## How to complete this task
The listing below is to be copied exactly, with pictures excluded.

## Input data
»»

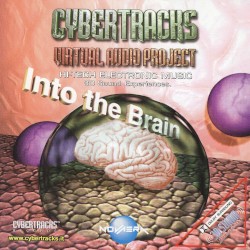 Into the Brain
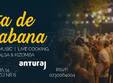 fiesta de habana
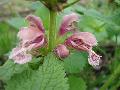 fiore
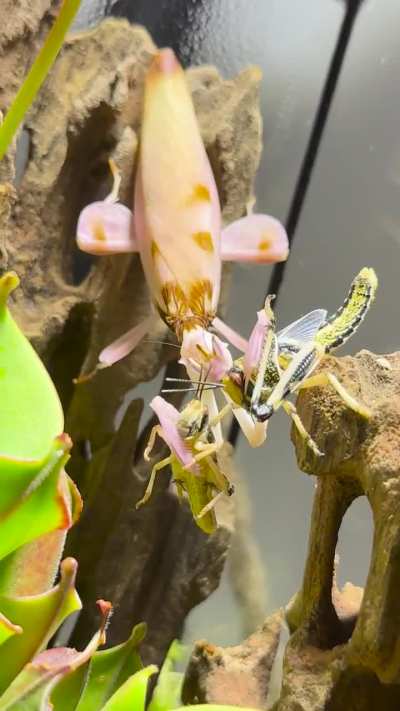 My Carnivore Queen can‘t get enough.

««

## Output for this task
 Into the Brain
 fiesta de habana
 fiore
 My Carnivore Queen can‘t get enough.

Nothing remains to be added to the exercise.